Zadar, population 75,000, is surrounded by industrial sprawl but the old center is on a peninsula (rectangular instead of oval like the others) and has a lot of very interesting ‘stuff’. Venetian walls and town gates, Romanesque and Byzantine churches, Roman columns and ruins, a modern ‘sea organ’ and a device that soaks up the sun and then plays lights at night, several interesting churches. It was heavily damaged in WW II and the post war buildings are mixed in among the old buildings so architecturally it’s not an ‘ensemble’ type town, even in the heart of the old town, but it’s pleasant enough and the ‘sights’ are very worthwhile with a nice vibe.
We only spent one night - so about 24 hours - in Zadar which I felt was just about right. I'm glad I had more than a few hour stop over, but I felt after 24 hours I had seen all I wanted to. We stayed at 'Hotel Zara Palace' (booking.com, €72 night/double). It's not exactly a hotel, and it's definitely not a palace, it's a few rooms, but they are very nice, newly renovated and comfortable. And just off the main square. No reception desk but texting with the host he was there to greet us and give us the keys.
Zadar’s walls were originally built to keep out the invading forces from Turkey, and it successfully did its job, allowing the city to maintain its independence, with the walls never being breached. They are now a UNESCO world heritage site. There are still several of the original gates into the old town through the walls. The most impressive is the ‘Port Gate’ (Llucka vrata) fashioned from a Roman triumphal arch into a Renaissance grand entrance topped with a Venetian Lion. It sits beside the little Fosa harbor. Just inside this gate is Five Wells Square, 16th Century, featuring five identical wells in a line. This square, like many place we saw on this trip, was featured in Game of Thrones.

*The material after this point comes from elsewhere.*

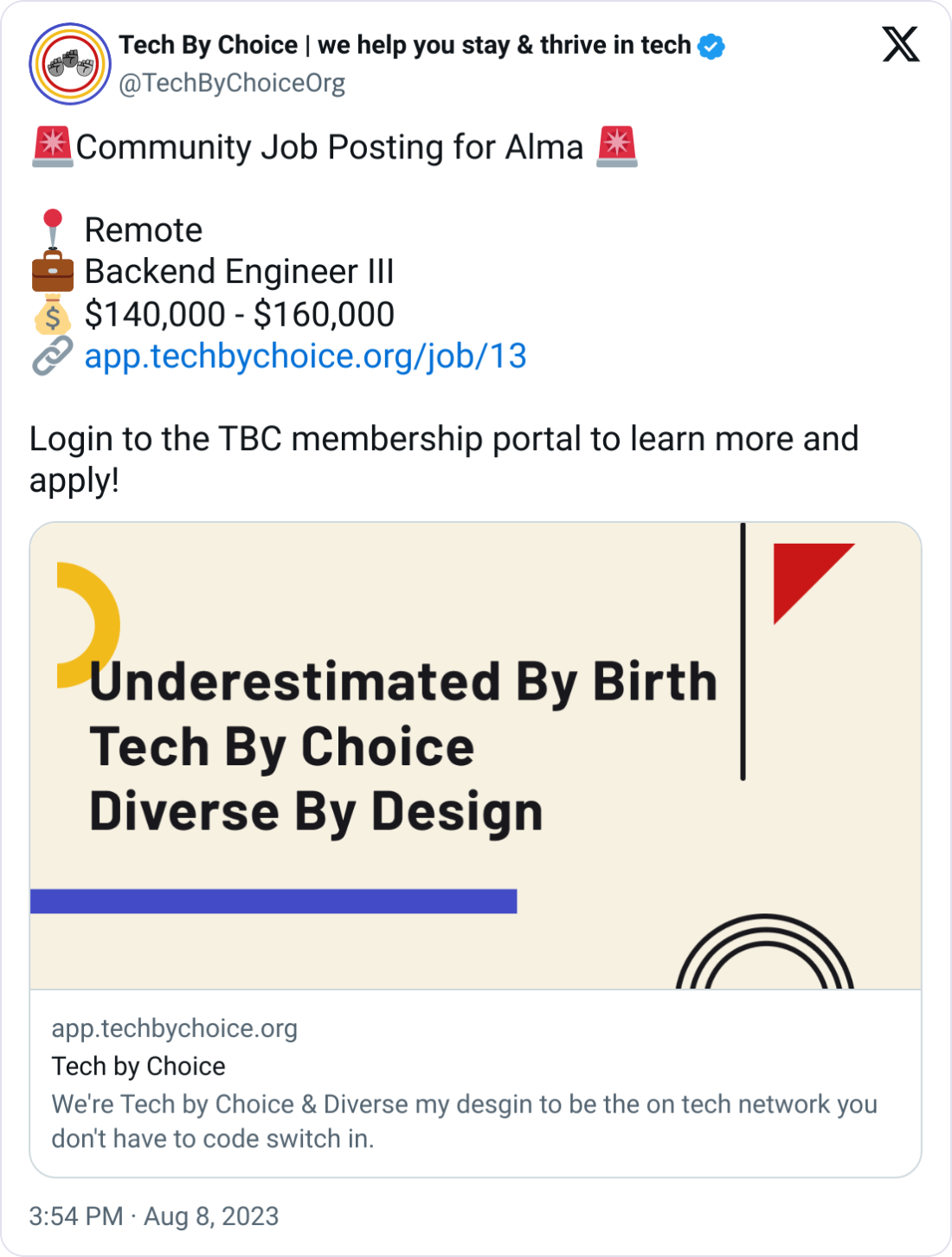 Tech By Choice | we help you stay & thrive in tech @TechByChoiceOrg 🚨Community Job Posting for Alma 🚨  📍 Remote 💼 Backend Engineer III 💰 $140,000 - $160,000 🔗 https://app.techbychoice.org/job/13  Login to the TBC membership portal to learn more and apply!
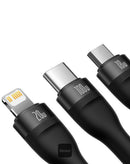Cable de carga Baseus Flash negro USB-C a Lightning, Micro USB y USB-C (3ft), 100W, para carga rápida de múltiples dispositivos.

The Riva is a seaside promenade that encircles the old town peninsula and features two interesting things. The Sea Organ (Morske orgulue) (built in 2005) looks like a set of wide steps going down into the sea but is designed so that the action of the waves pushes water through them creating ‘music’ (sounded more like the ‘song’ of a sea creature than actual music). Just past that is the ‘Greeting to the Sun/Pozdrav Suncu’ a 22 meter diameter solar panel in the pavement that ‘charges’ during the day and spews colored light patterns after dark.

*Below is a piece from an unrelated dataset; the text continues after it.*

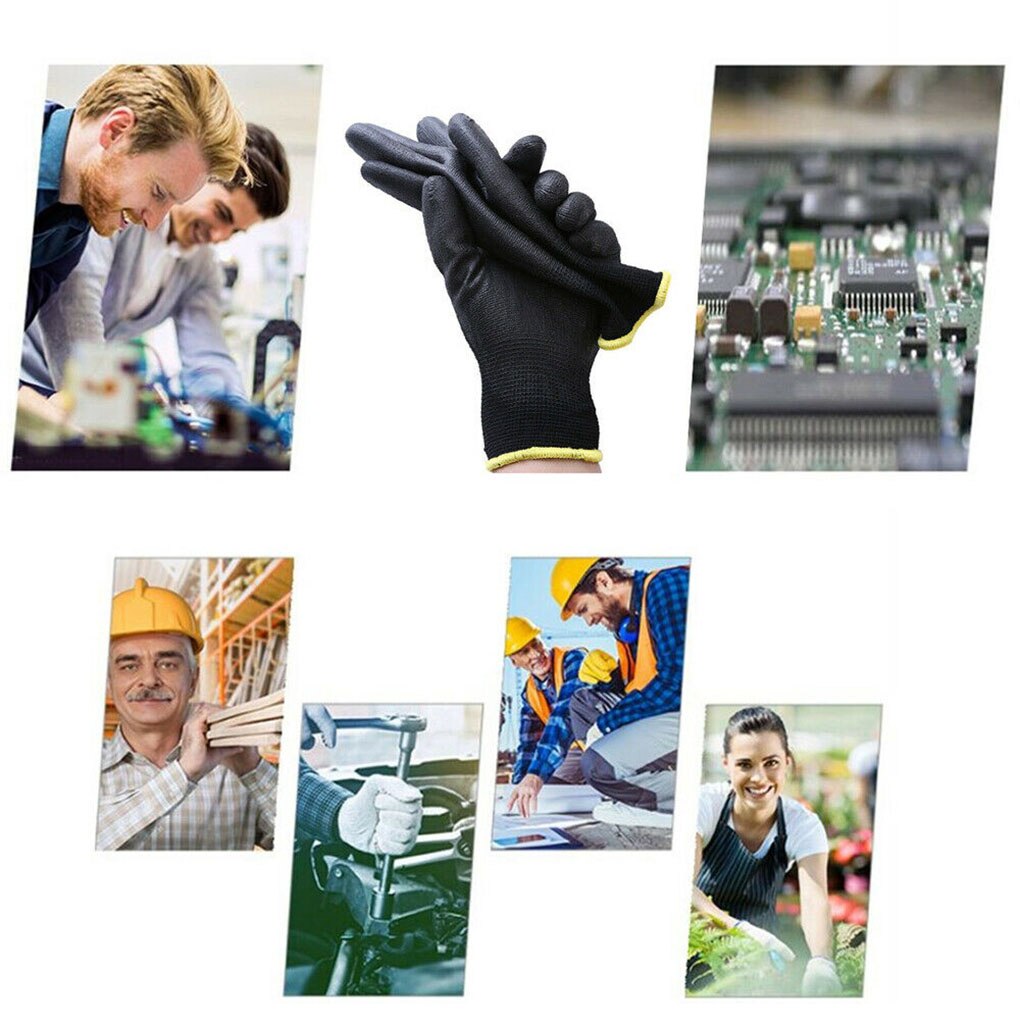 Precision Work Gloves Hand Protection Anti-static Nylon PU Coating Flexible Gloves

Above top right: The Sea Organ Lower right: Crkva svete Marije Lower left: "Greeting to the Sun'
The Church of St Donat/Crkva svetog Donata is a 9th century Byzantine round church with remnants of columns and other stone pieces the Romans left behind. The 3 story cavernous interior is beautiful. Just behind it is the bell tower of the Cathedral of St Anastasia/Katedrala svete Stosije, 12th Century Romanesque. Views from the top of the tower include the entire old town (where the Roman street plan is still very evident) and the top of St Donat.

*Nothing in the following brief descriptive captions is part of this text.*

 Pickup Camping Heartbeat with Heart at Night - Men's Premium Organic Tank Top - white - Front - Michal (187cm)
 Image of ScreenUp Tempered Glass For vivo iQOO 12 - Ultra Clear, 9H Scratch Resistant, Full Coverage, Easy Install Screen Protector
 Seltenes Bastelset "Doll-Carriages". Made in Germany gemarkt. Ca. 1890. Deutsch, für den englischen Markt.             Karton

The main square, Narodni trg has been the center of public life in Zadar since the Renaissance. The ‘City Guard’ (Gradska straza) from 1562 is on the north side, the City Loggia (Gradska loza) on the south side is from the 13th century though rebuilt in 1565, and the Ghirardini Palace on the third side is Romanesque with a Gothic balcony.
Above top left: Five Wells Square Top Right: Narodni Trg Lower left: Katedrala svete Stosije Lower right: St. Chrysogonus
Šibenik is not one of those places that people mention when listing ‘must see’ destinations in Croatia. Mostly I’d heard about people stopping briefly to see the UNESCO listed cathedral when heading north from Split. But it made a convenient stop over between Zadar and Split and the photos I’d seen made me feel it might be worth it. So since expectations were not that high they were easily met and surpassed. While Šibenik doesn’t quite rank up there with Split or Dubrovnik, I think it is just as impressive as the more popular towns of Trogir and Zadar.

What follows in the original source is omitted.